Bardella, le faux martyr
Le président du Rassemblement national dénonce la censure dont il serait victime de la part de la SNCF, dont la filiale publicitaire a refusé une campagne de promotion prévue par les éditions Fayard. Mais son réquisitoire ne tient pas…
Un « acte de censure inadmissible », une décision « totalitaire » prise sous la pression de « syndicats d’extrême-gauche ». Les responsables du RN n’ont pas de mots assez durs pour stigmatiser la décision de Médiatransports, la filiale de la SNCF qui vient de refuser d’apposer dans les gares quelque 500 affiches à la gloire du livre de Jordan Bardella.

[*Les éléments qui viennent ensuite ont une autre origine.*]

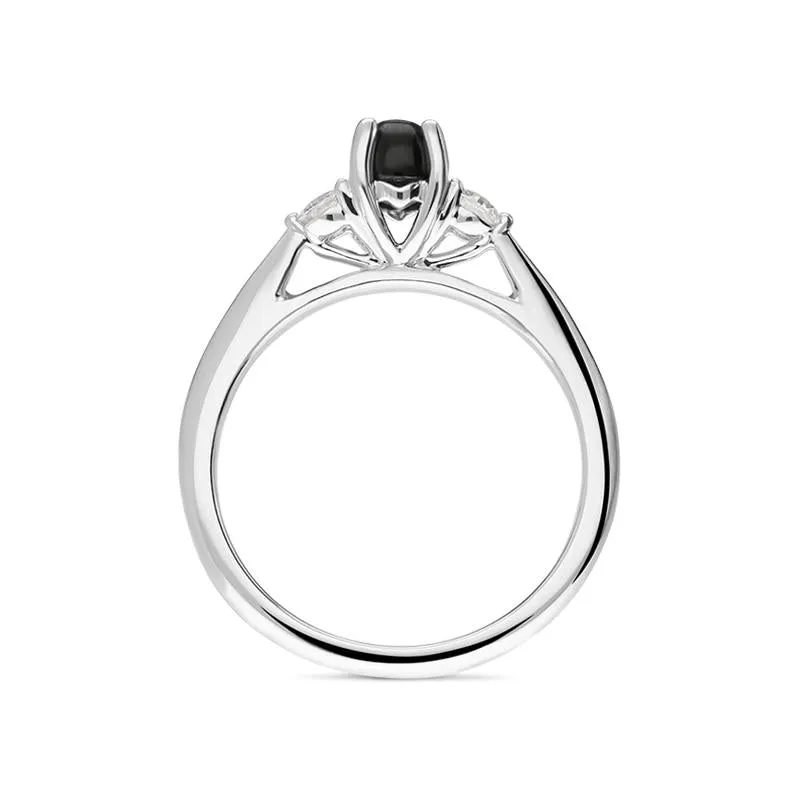 18ct White Gold Whitby Jet 0.19ct Diamond Centre Stone Ring sold by Jura Watches product image thumbnail 2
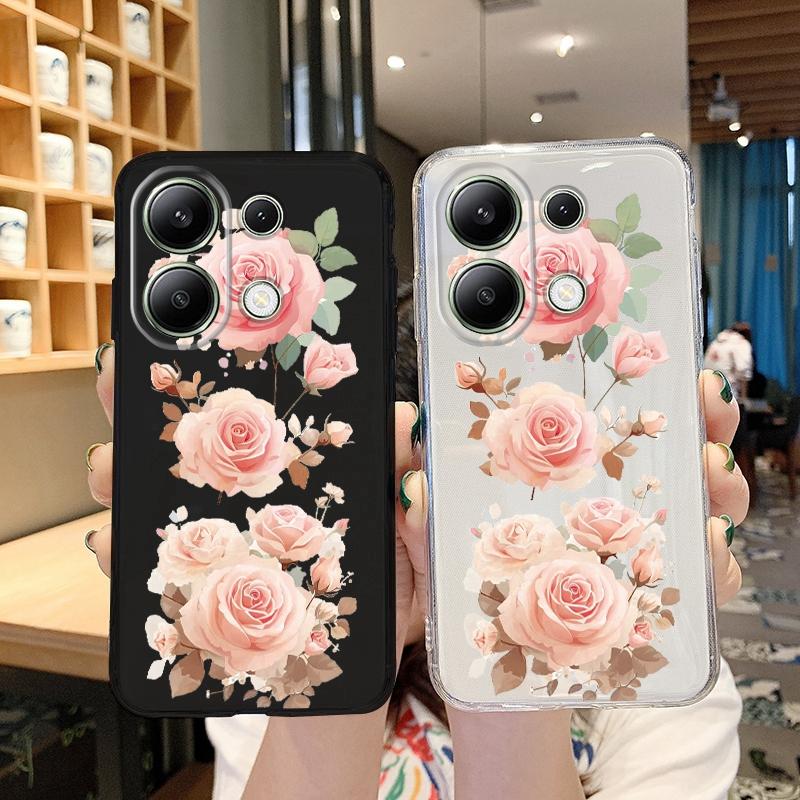 Luxury Flower Soft Silicone Case For Xiaomi Redmi Note 13 Pro 14C Samsung A55 M35 S24 FE iPhone Huawei Honor Realme Camera Protective Shockproof Cover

A priori, la protestation du RN repose sur un argumentaire imparable. Les éditeurs ont le droit de promouvoir leur production, quitte à y consacrer des moyens importants ; deux d’entre eux l’avaient fait pour les ouvrages de Nicolas Sarkozy et François Hollande, dont les campagnes avaient été acceptées par Médiatransports. Alors pourquoi pas celle de Jordan Bardella ? Ce refus est arbitraire, discriminatoire et il n’a été décidé que sous la pression d’adversaires politiques du RN, en l’occurrence la CGT-Cheminots et Sud-Rail, très engagés à gauche. Tel est le raisonnement frontiste, qui a toutes les apparences de la bonne foi.
Encore que… Pour se faire une idée claire, il faut prendre en compte plusieurs éléments. Contrairement à ce que disent certains auxiliaires du RN, tel Cyril Hanouna, histrion du groupe Bolloré, ce n’est pas le livre qui est censuré : il sera disponible, pour le moins, à travers les Relais H, libraires et marchands de journaux présents dans toutes les grandes gares de France. C’est la campagne publicitaire qui a été retoquée et non l’ouvrage lui-même. Nuance.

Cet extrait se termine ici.